Write out every entry, unchanged. Skip any picture.

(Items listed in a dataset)
:::

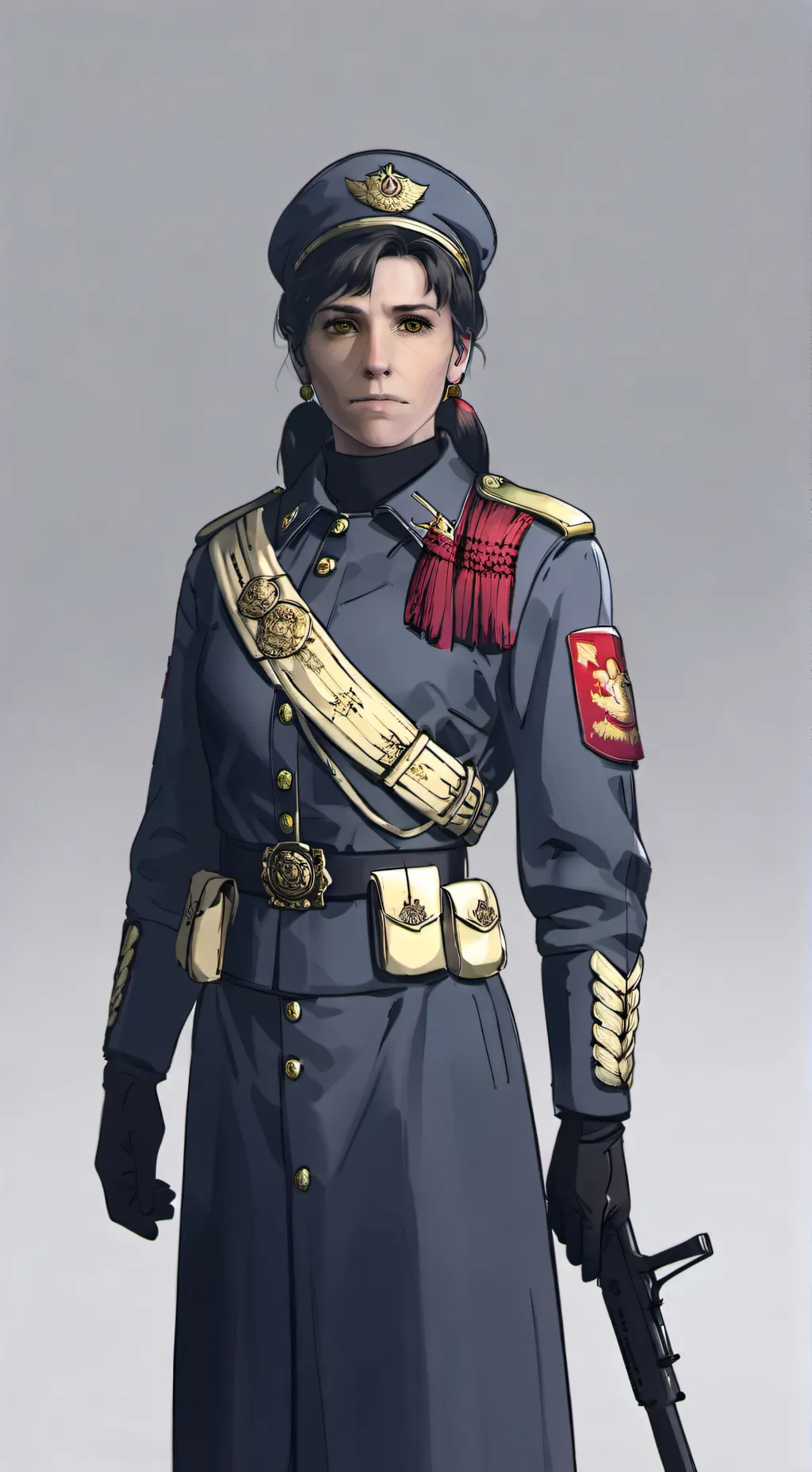 ai character: lady nightingale  background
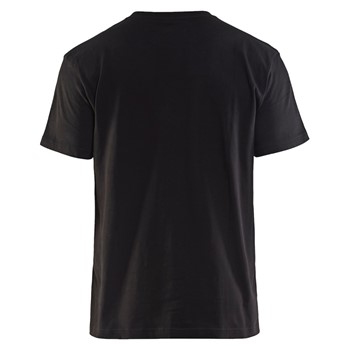 Blaklader T-shirt 33791030 Zwart/Rood 2 / 4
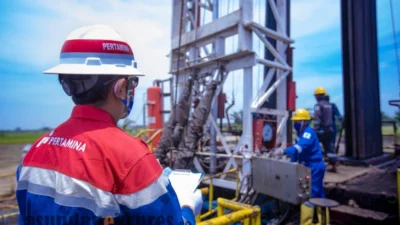 Pertamina Regional Jawa Berhasil Angkat Minyak dan Gas Sebesar 117.511 Barel Setara Minyak per Hari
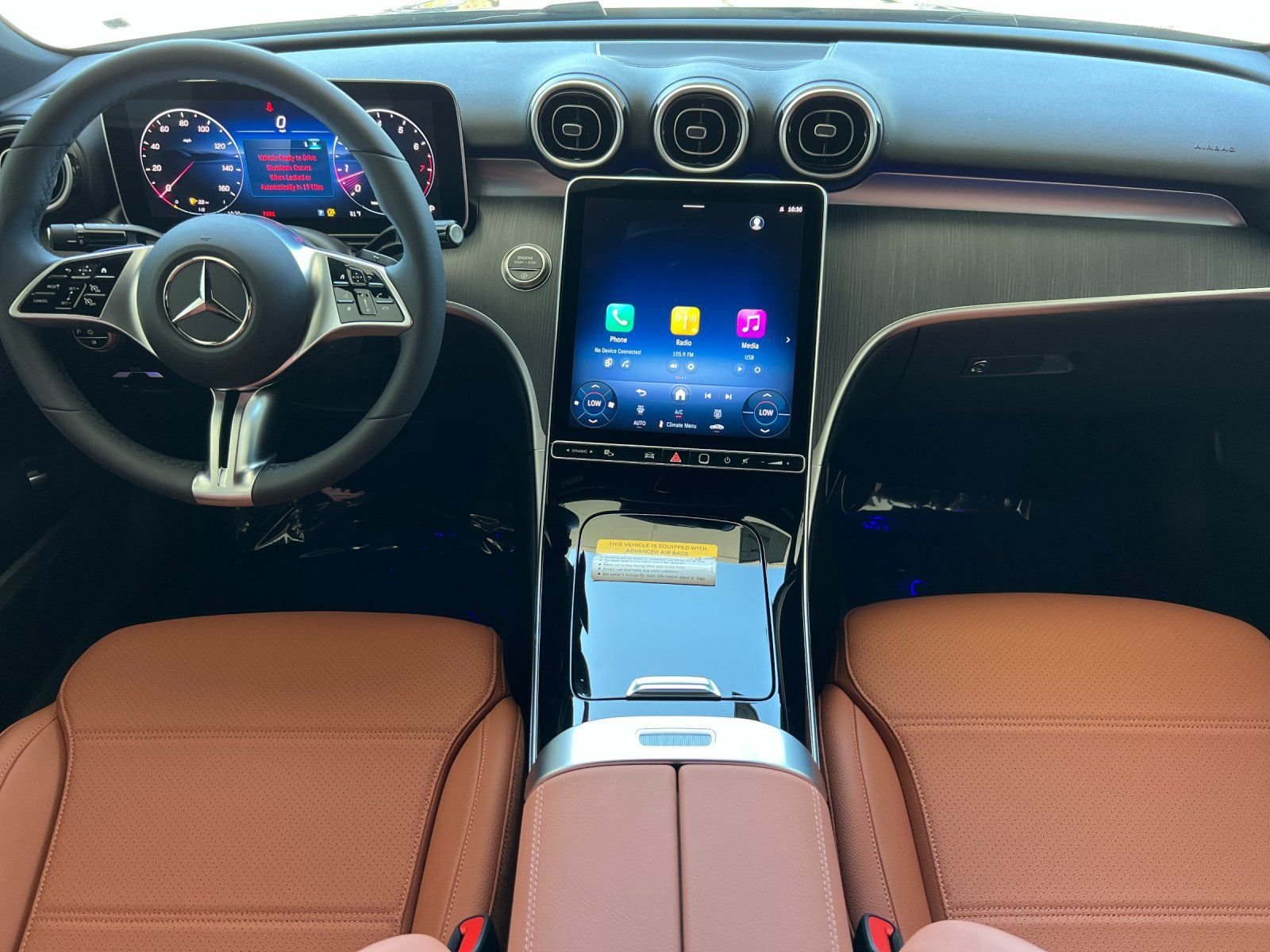 New 2026 Black Mercedes-Benz C 300 image 3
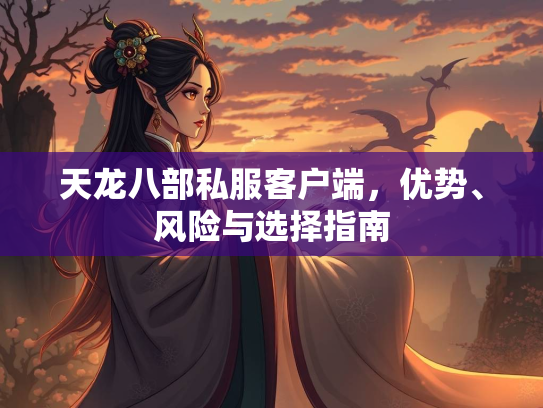天龙八部私服客户端，优势、风险与选择指南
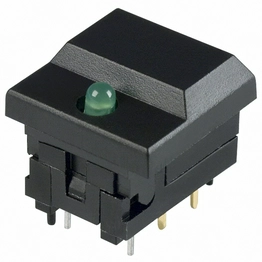 55-11-M-BLK-GRN E-SWITCH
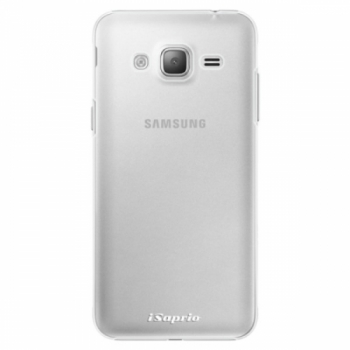 Plastové pouzdro iSaprio - 4Pure - mléčný bez potisku - Samsung Galaxy J3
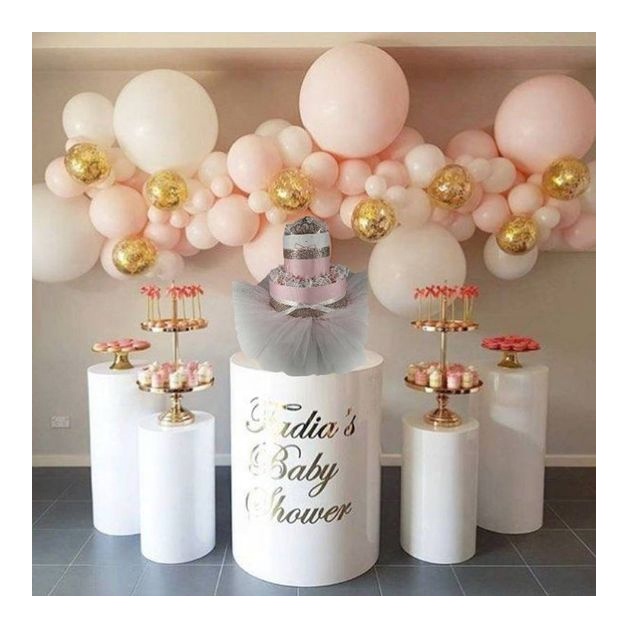 Best Selling Stylish Cylinder Cake Stands Perfect for Wedding Decor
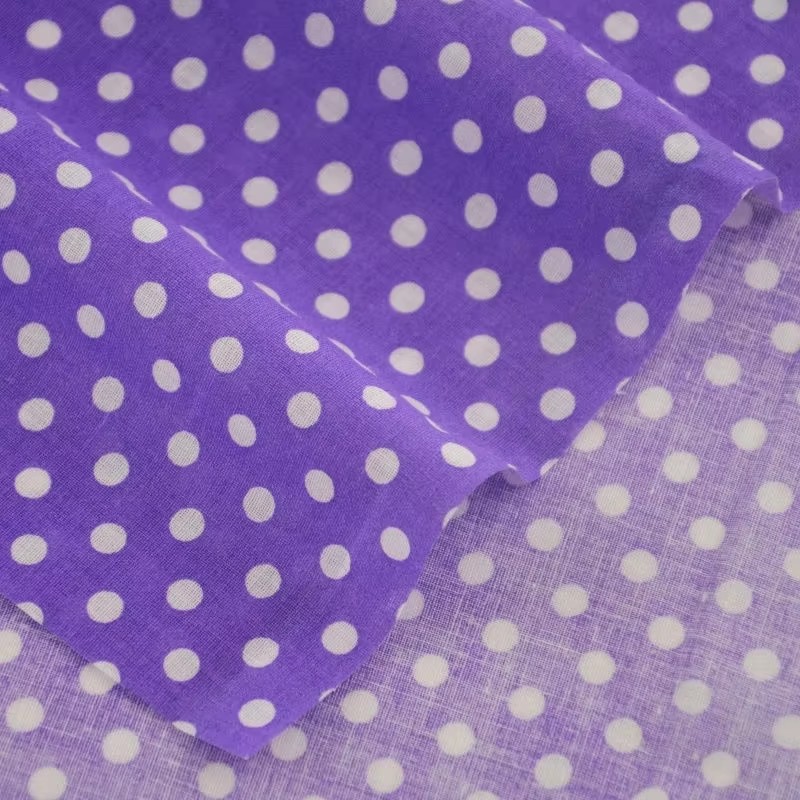 50X150CM White Orange Polka Do - Home Textiles Fabric 评论和价格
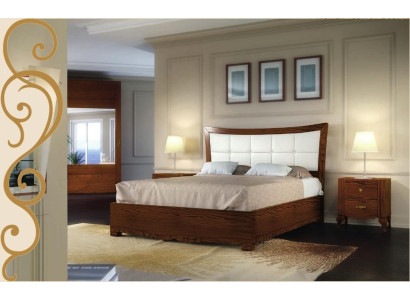 Garnitur Set 3tlg Schlafzimmer Bett Nachttisch Betten Gruppe Betten Holz Möbel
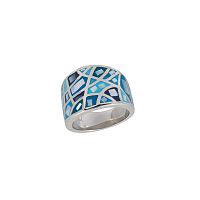 Кольцо Fiore Luna, KR00230-13/8 BL/S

:::

■ **Response for this exercise**
 ai character: lady nightingale  background
 Blaklader T-shirt 33791030 Zwart/Rood 2 / 4
 Pertamina Regional Jawa Berhasil Angkat Minyak dan Gas Sebesar 117.511 Barel Setara Minyak per Hari
 New 2026 Black Mercedes-Benz C 300 image 3
天龙八部私服客户端，优势、风险与选择指南
 55-11-M-BLK-GRN E-SWITCH
 Plastové pouzdro iSaprio - 4Pure - mléčný bez potisku - Samsung Galaxy J3
 Best Selling Stylish Cylinder Cake Stands Perfect for Wedding Decor
 50X150CM White Orange Polka Do - Home Textiles Fabric 评论和价格
 Garnitur Set 3tlg Schlafzimmer Bett Nachttisch Betten Gruppe Betten Holz Möbel
 Кольцо Fiore Luna, KR00230-13/8 BL/S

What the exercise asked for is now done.